▸ Required work: For this listing, the lines between the one holding "8pcs Furniture Clips" and the one holding "حدیث&zwnj;نگاشت/ خیرخواهی؛ شرط استحکام دوستی", inclusive, must be set down exactly.

-------- Information supplied --------

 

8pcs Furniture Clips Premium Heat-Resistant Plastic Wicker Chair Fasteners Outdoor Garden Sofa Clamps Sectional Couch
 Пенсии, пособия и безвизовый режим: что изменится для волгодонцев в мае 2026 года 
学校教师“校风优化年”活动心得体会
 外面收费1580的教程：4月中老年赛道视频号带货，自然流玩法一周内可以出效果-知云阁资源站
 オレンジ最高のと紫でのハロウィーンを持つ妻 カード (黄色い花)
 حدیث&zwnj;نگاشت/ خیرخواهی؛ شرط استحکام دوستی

--------
-------- Information supplied --------

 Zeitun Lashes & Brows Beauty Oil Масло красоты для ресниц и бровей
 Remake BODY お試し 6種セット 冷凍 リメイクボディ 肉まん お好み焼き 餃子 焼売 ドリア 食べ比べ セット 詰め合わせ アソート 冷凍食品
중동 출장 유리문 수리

--------
-------- Information supplied --------

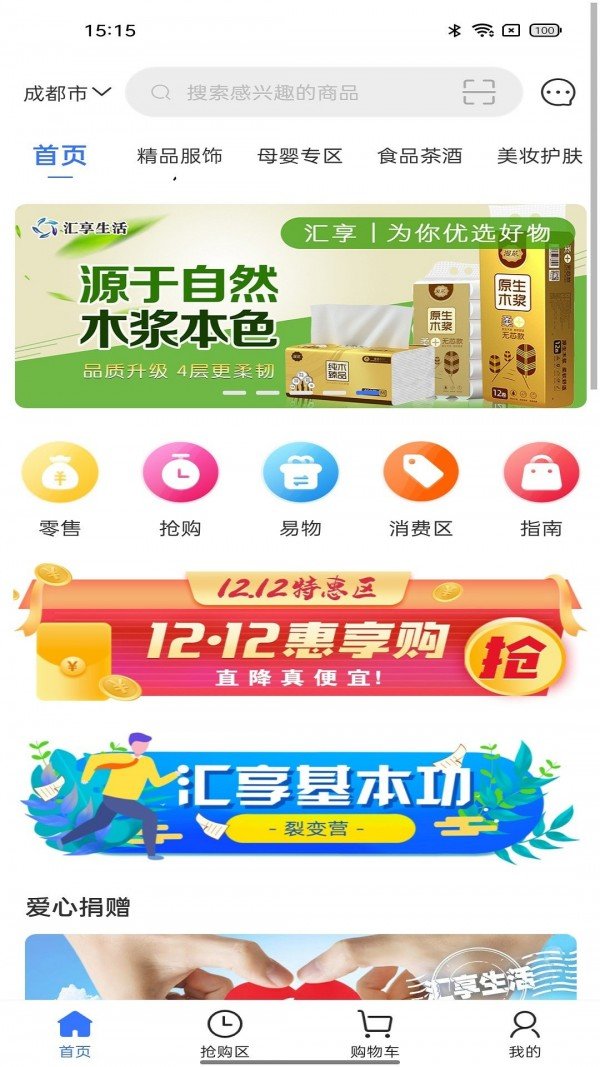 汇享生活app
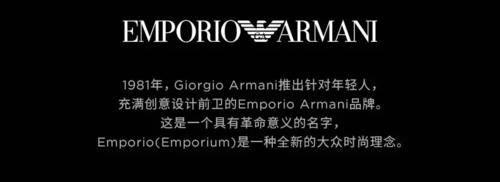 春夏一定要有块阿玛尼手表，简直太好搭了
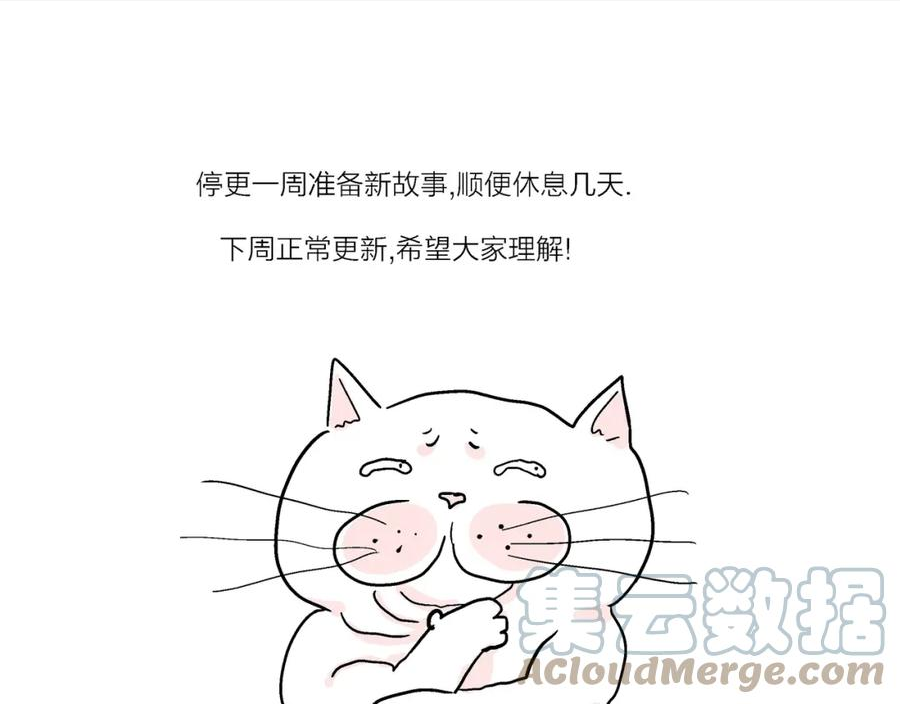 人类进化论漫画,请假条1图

--------

▸ Written solution:
8pcs Furniture Clips Premium Heat-Resistant Plastic Wicker Chair Fasteners Outdoor Garden Sofa Clamps Sectional Couch
 Пенсии, пособия и безвизовый режим: что изменится для волгодонцев в мае 2026 года 
学校教师“校风优化年”活动心得体会
 外面收费1580的教程：4月中老年赛道视频号带货，自然流玩法一周内可以出效果-知云阁资源站
 オレンジ最高のと紫でのハロウィーンを持つ妻 カード (黄色い花)
 حدیث&zwnj;نگاشت/ خیرخواهی؛ شرط استحکام دوستی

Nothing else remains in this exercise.